Ralph Waldo Emerson claimed weeds were plants for which we have not found a use in the garden. I see it differently. To me, weeds are plants that have found a use for my garden. Or should I say a misuse.
Don’t get me wrong, I’m the first to enjoy a bite of sheep sorrel (Rumex acetosella) and I allow the occasionally weedy yet charming Venus’s looking glass (Triodanis perfoliata) to survive. But in the same way that mutts have greater smarts and strength than many highly bred dogs, sturdy weeds can outcompete our flashy, finicky cultivars. This might explain why the time required for weeding is the most common and fervent complaint I hear among gardeners. Especially gardeners who can’t invest hours in hand weeding because of jobs and families or lack of paid help.
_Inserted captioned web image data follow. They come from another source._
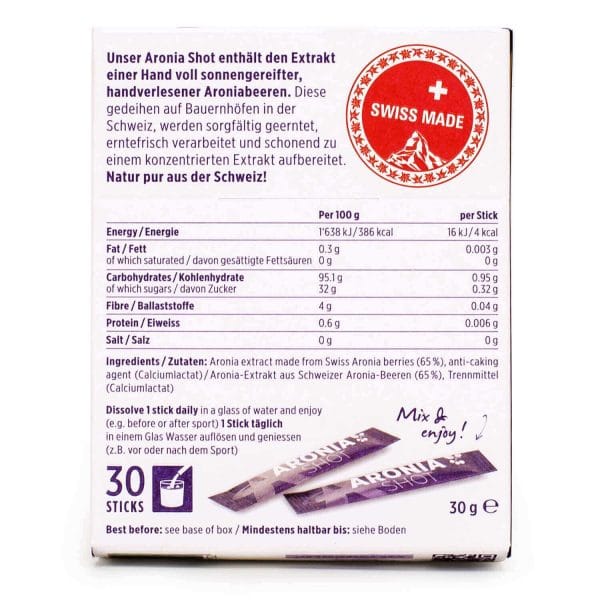 Aronia-shot-kaufen-30-online-schweiz-3 Auf der Rückseite der Aronia Shot-Packung steht „Swiss Made“, mit Nährwertangaben, deutscher Beschreibung, Symbolen und zwei Stick-Beutel-Abbildungen. Ideal für alle, die Aronia Shot kaufen möchten – enthält 30 Sticks (insgesamt 30 g).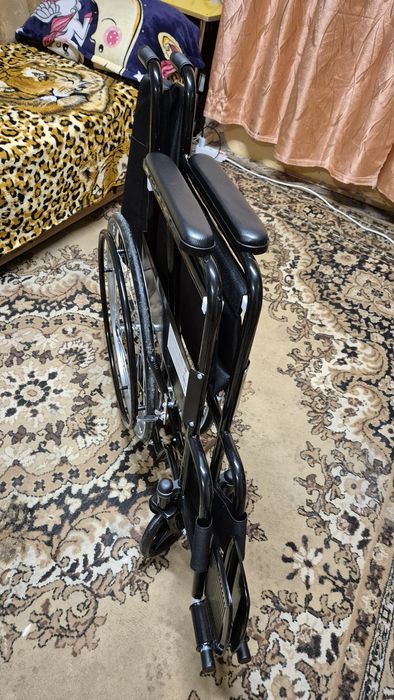 Caricior cu rotile nou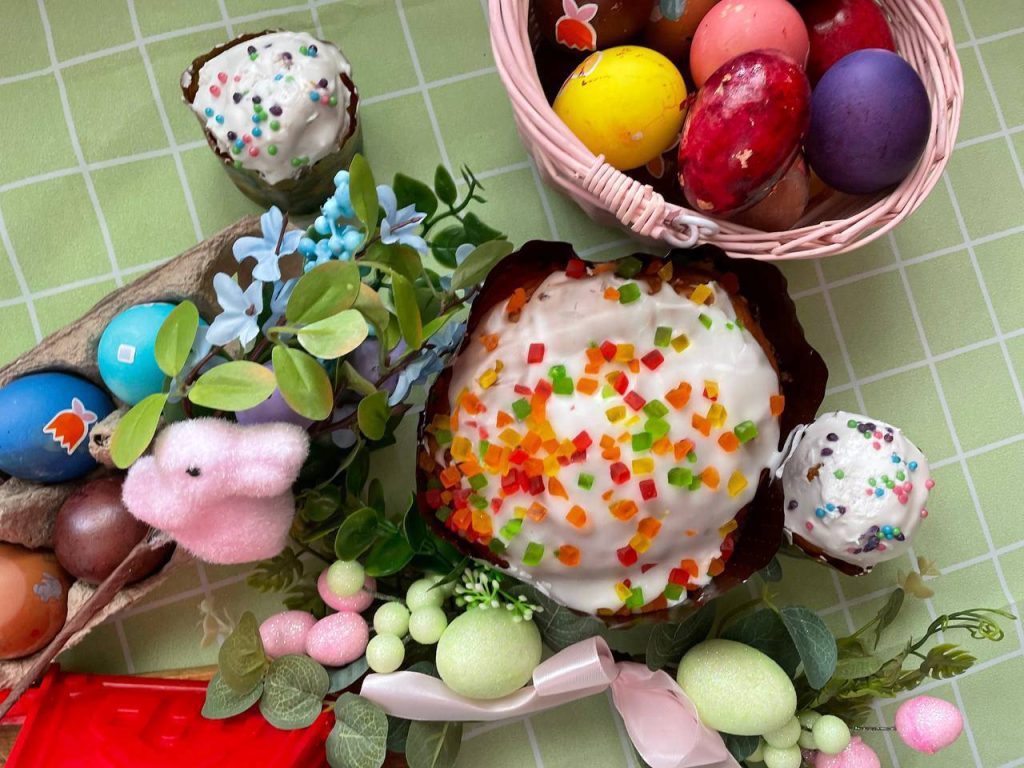 Более 12 тысяч куличей передали на благотворительность и военнослужащим. Фото: Анна Быкова, «Вечерняя Москва»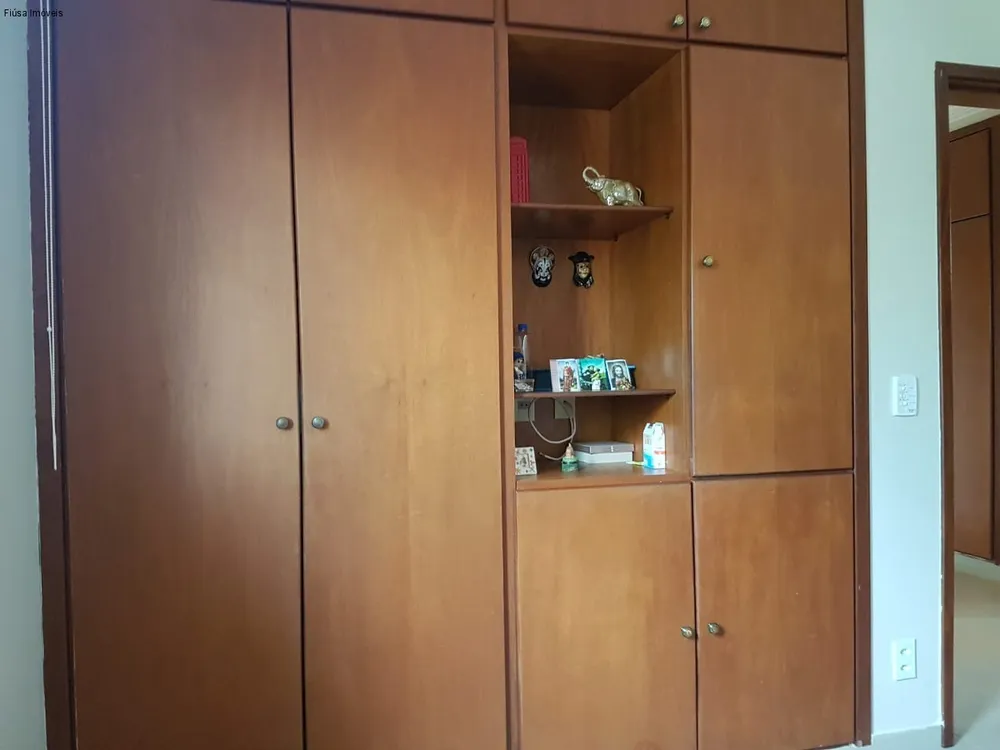 Casa, 5 quartos, 322 m² - Foto 1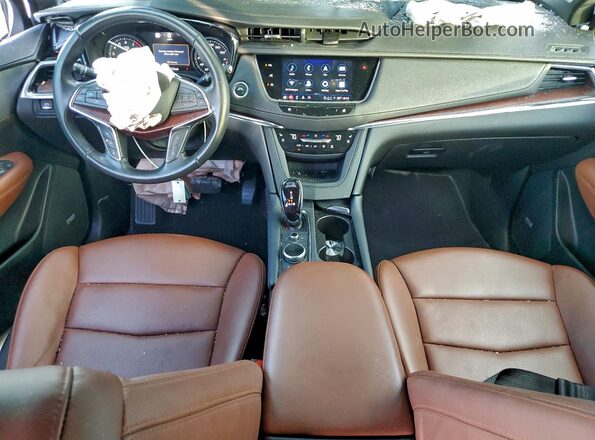 1GYKNCRS3PZ167467 2023 CADILLAC XT5 Белый Вид панели приборов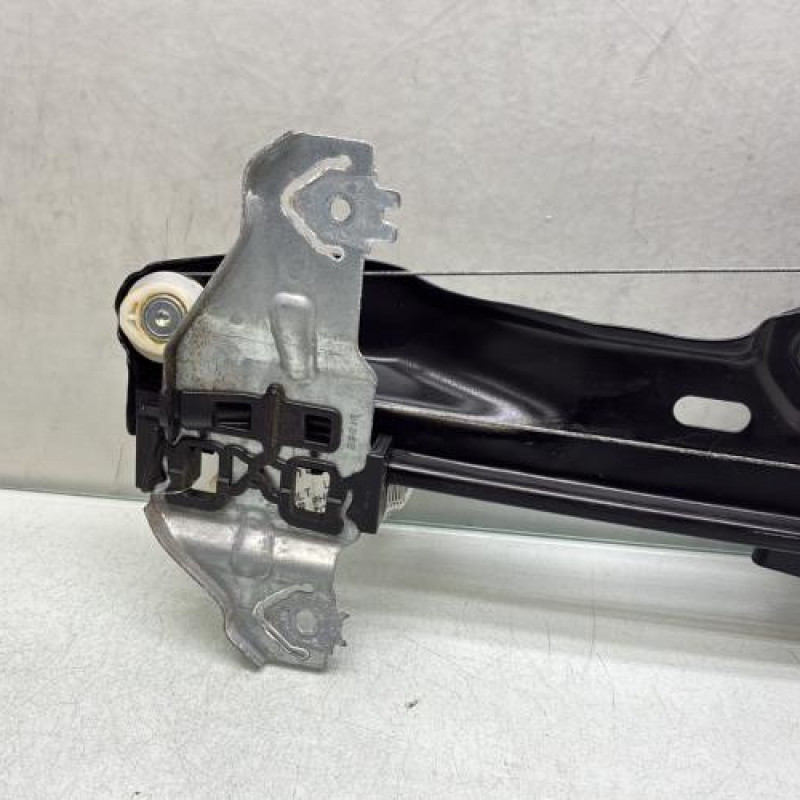 Leve vitre electrique avant gauche RENAULT KADJAR Photo n°2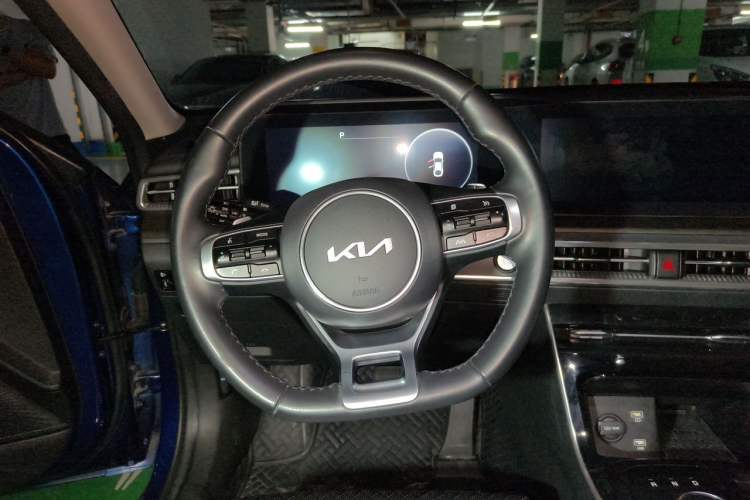 Used Kia K5 2021 270T CVVD Refreshed Edition Steering Wheel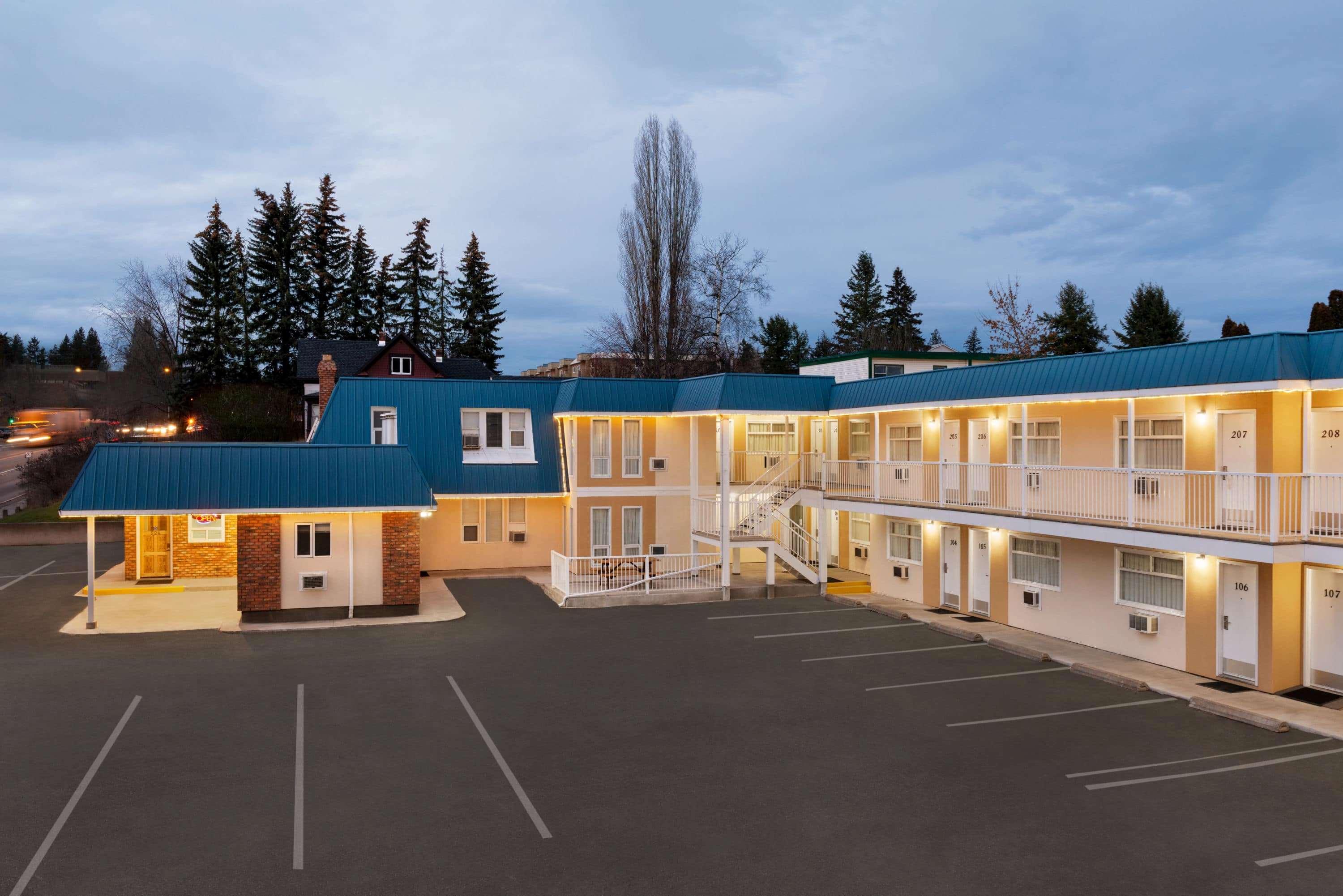 Travelodge By Wyndham Quesnel Bc מראה חיצוני תמונה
I garden in USDA Zone 7, North Carolina. Because the growing season is long, hot, humid and wet, weeds literally own this part of the world. Even in winter, annual weeds can flush and thrive. Here are the weeds that regularly want to misuse my garden: Japanese honeysuckle, Chinese wisteria, kudzu, porcelain vine, Virginia creeper, English ivy, poison ivy, bamboo (not the edible or architecturally useful kind), elaeagnus, Japanese privet, Chinese privet, Ligustrum lucidum, groundsel, Bermuda grass, crabgrass, common sorrel, annual bluegrass, broom sedge, nut sedge, henbit, chickweed, purslane, prostrate spurge and numerous little tree sprouts. (Note that some of these are natives, happy to curtail the diversity of my garden.) Even when I eliminate many of these species on my property, they return by seed borne by wind or birds, or they creep in from my neighbors’ yards.
I was an organic farmer in the ’80s and I use organic gardening techniques and materials on my home gardens, my small nursery and for clients’ gardens. But in our climate, the weeds just keep-a-
comin’, like zombies in a movie. So I’ve adopted careful use of the safest herbicide I could find to rout the weeds: glyphosate. By applying it monthly, I’m able to actually reduce the total amount of herbicide necessary. If you’re already using the organic weed-prevention techniques I describe in “Organic Weed Prevention” and can’t afford the hours that it takes to hand-pull the remainders, you may want to follow my lead.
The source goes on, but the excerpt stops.